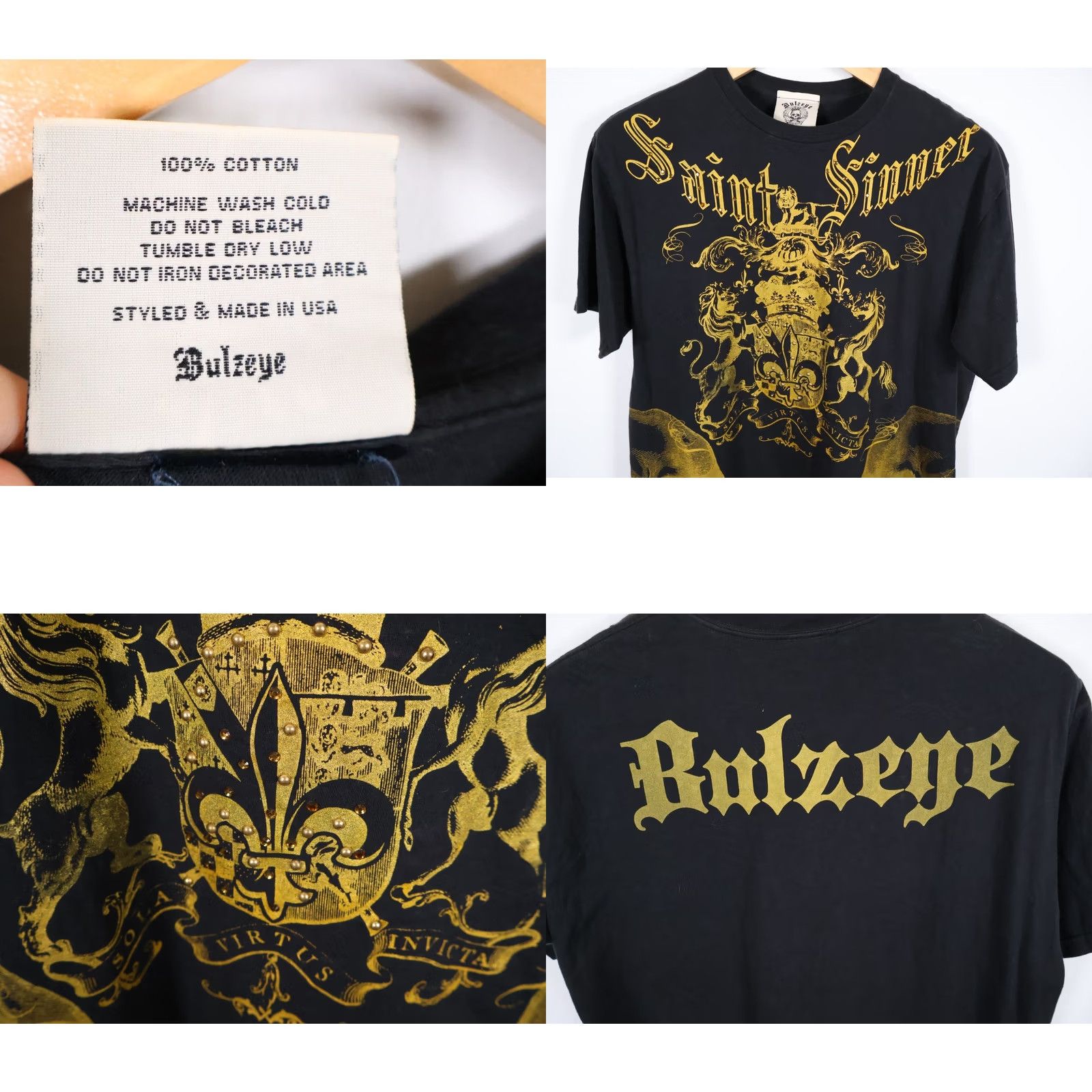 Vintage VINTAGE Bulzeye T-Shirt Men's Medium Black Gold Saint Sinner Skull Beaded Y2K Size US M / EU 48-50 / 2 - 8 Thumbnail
+---+
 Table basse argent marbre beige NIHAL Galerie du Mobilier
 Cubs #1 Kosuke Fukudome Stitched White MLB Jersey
+---+
:: YOUR GOAL ::
In the listing above, transcribe exactly everything from the line containing "Table basse argent" down to the line containing "Cubs #1 Kosuke", including both and nothing more.

:: EXERCISE SOLUTION ::
 Table basse argent marbre beige NIHAL Galerie du Mobilier
 Cubs #1 Kosuke Fukudome Stitched White MLB Jersey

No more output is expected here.